Suppose you have a motion-detector that looks once per second and notices a change when the chair moves by 0.1m within a second and is completely blind to smaller changes. Then a chair moving at 0.09m/s won’t trigger it at all. Now suppose you add noise of amplitude +-0.01m. Then in most seconds you still won’t see anything, but sometimes (I think 1⁄8 of the time, if that noise is uniformly distributed) the apparent movement will be above the threshold. So now if you do some kind of aggregation of the detector output over time you’ll be able to tell that the chair is moving.
Yes, the cost of this is that above the threshold your performance is worse. You’ll need to take averages or something of the kind to make up for it. (But: when a detector has a threshold, it usually doesn’t give perfectly accurate measurements just above the threshold. You may find that even above the threshold you actually get more useful results in the presence of noise.)
Another example. Suppose you are trying to detect oscillating signals (musical notes, radio waves, …) via an analogue-to-digital converter. Let’s say its resolution is 1 unit. Then a signal oscillating between −0.5 and +0.5 will not show up at all: every time you sample it you’ll get zero. And any small change to the signal will make exactly no difference to the output. But if you add enough noise to that signal, it becomes detectable. You’ll need to average your data (or do something broadly similar); you’ll have some risk of false positives; but if you have enough data you can measure the signal pretty well even though it’s well below the threshold of your ADC.

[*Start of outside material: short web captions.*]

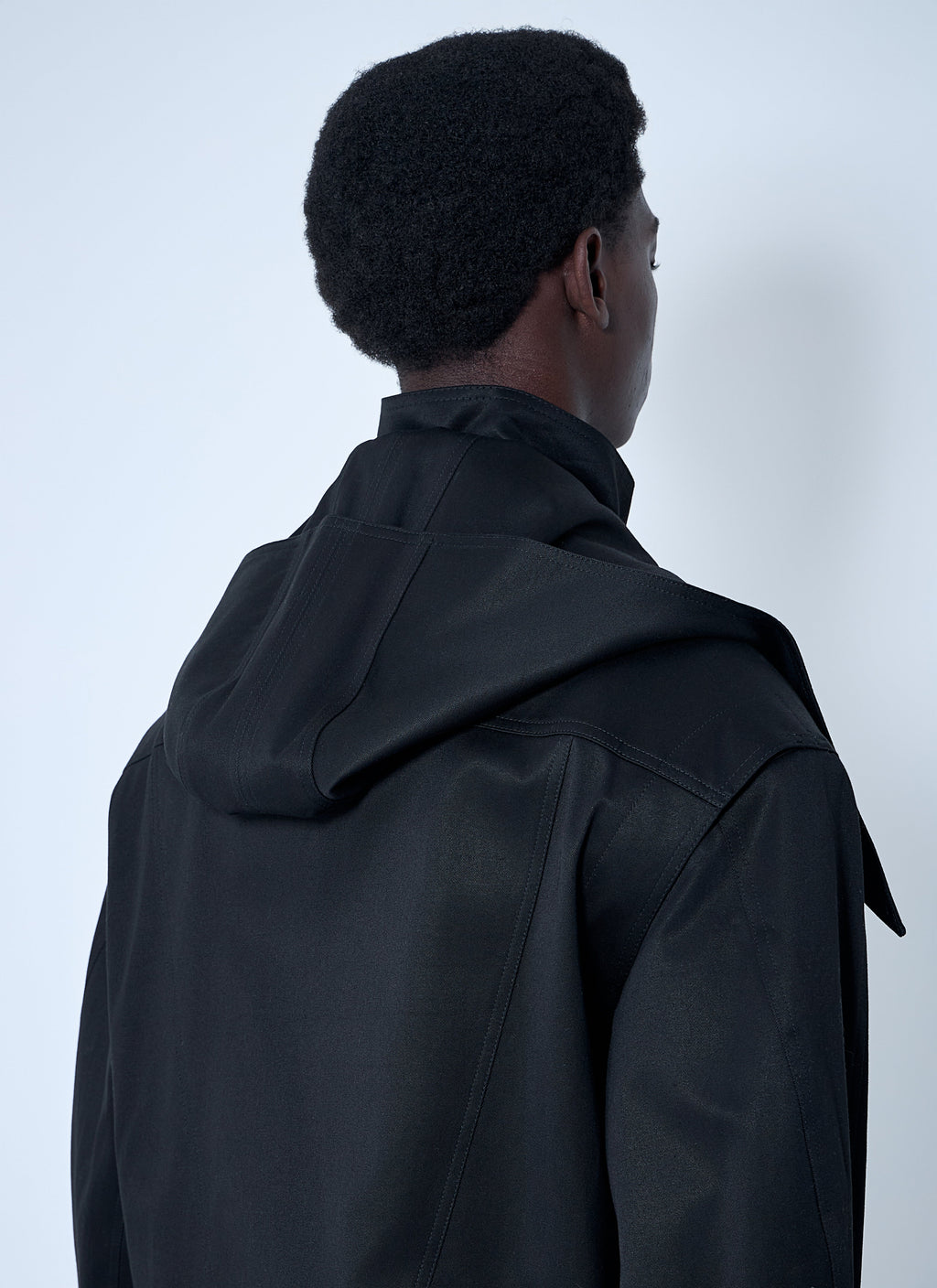 Mugler Men Heavy-Duty Cotton Jacket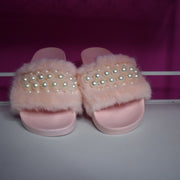 Pink Pearl Slides - PNK Boutique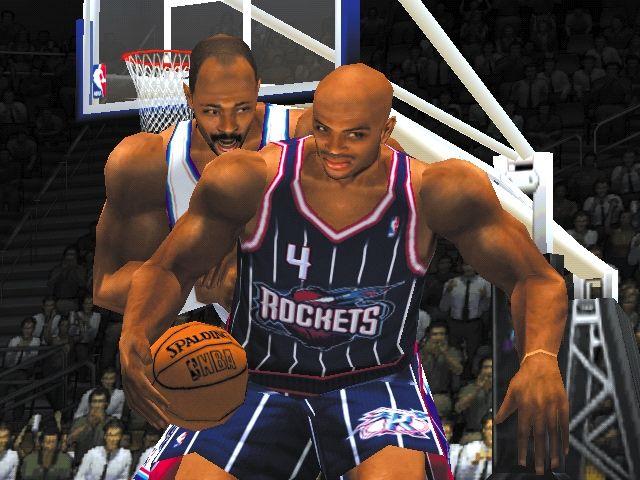NBA 2K's background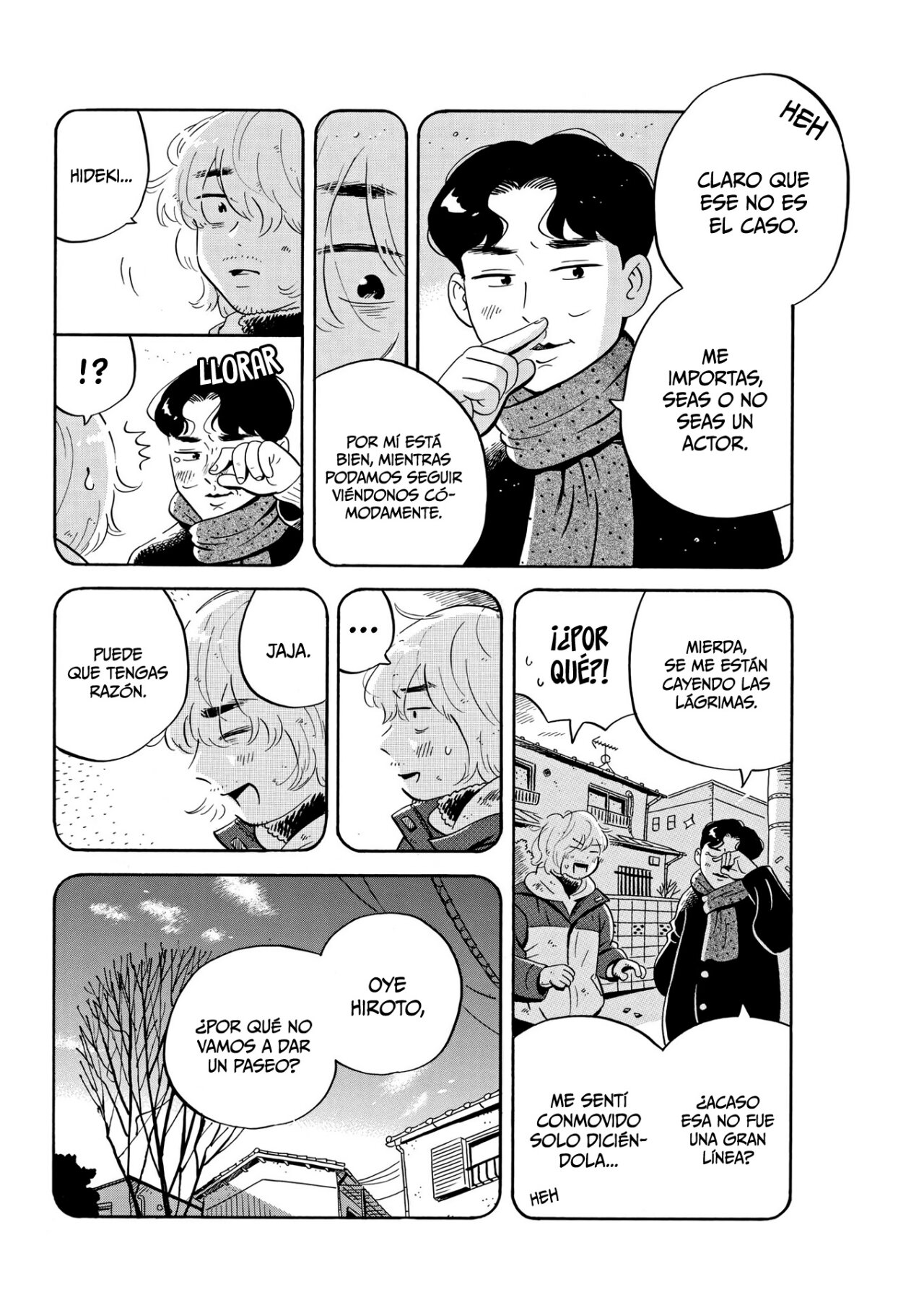 Read Hirayasumi ES Manga Online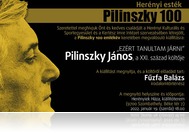 Pilinszky 100 kiállítás a Herényiek Házában (jan. 19.)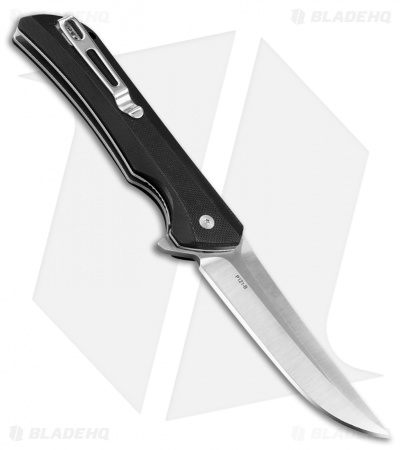 RUIKE Hussar Liner Lock Knife Black G-10 (3.75" Satin) P121
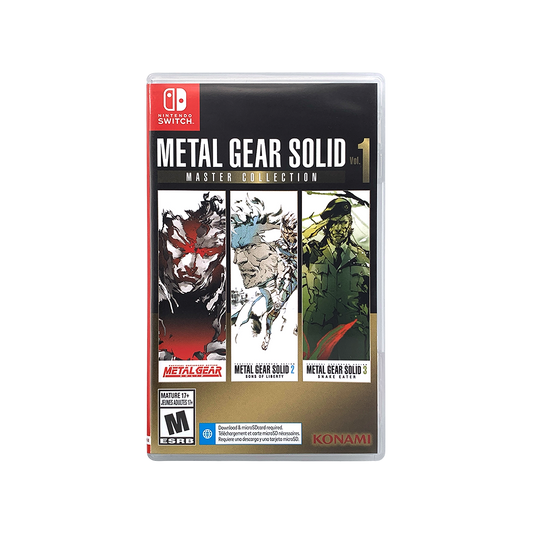 Metal Gear Solid: Master Collection Vol. 1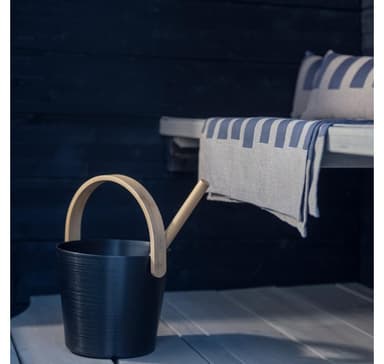 Saunakauha RENTO BLACK 5L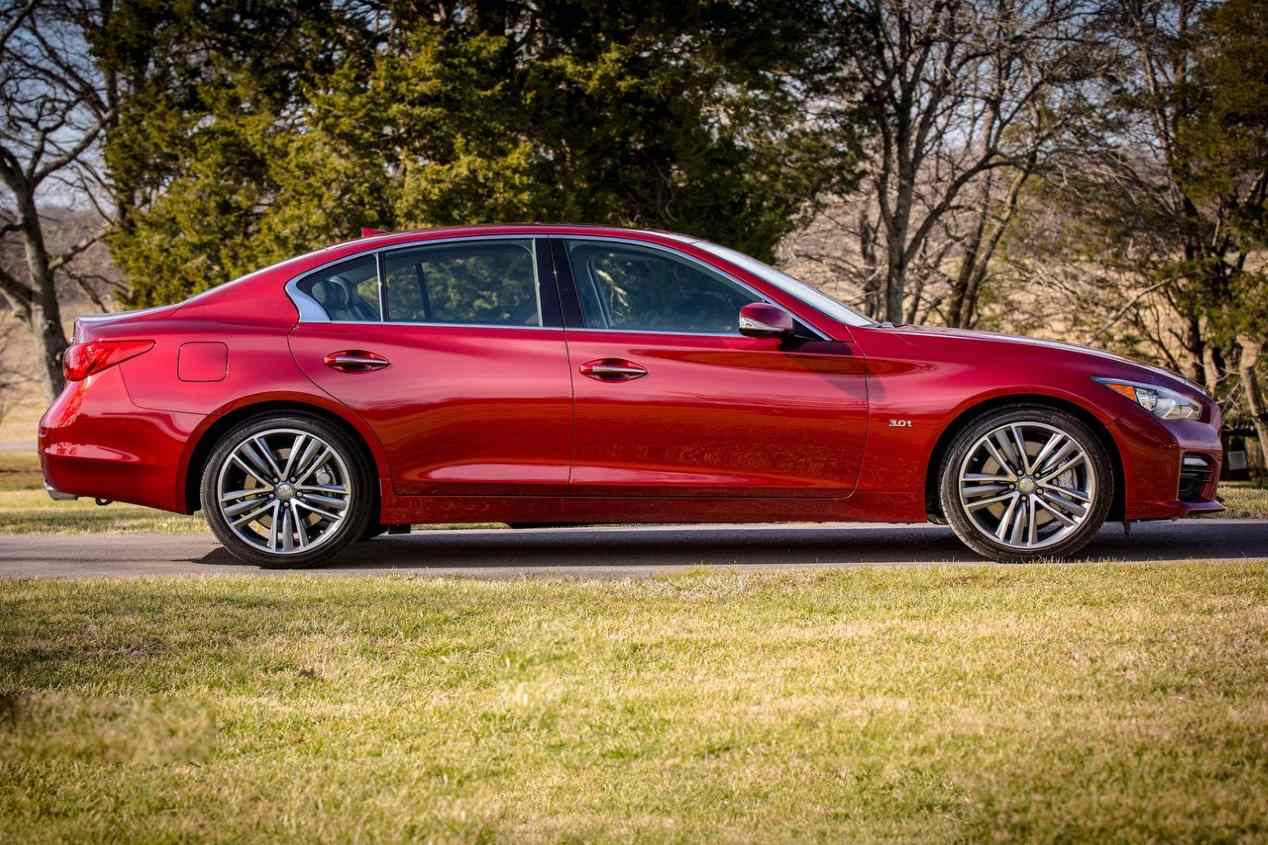 Infiniti Q50: así es la nueva berlina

[EDITED to add:] It may be worth observing that there’s nothing super-special about adding random stuff for this purpose. E.g., suppose you’re trying to measure some non-varying value using an analogue-to-digital converter, and the value you’re trying to measure is smaller than the resolution in your ADC. You could (as discussed above) add noise and average. But if you happen to have the ability to add non-random offsets to your data before measuring, you can do that and get better results than with random offsets.
In other words, this is not an exception to the principle Eliezer proposes, that anything you can improve by adding randomness you can improve at least as much by adding something not-so-random instead.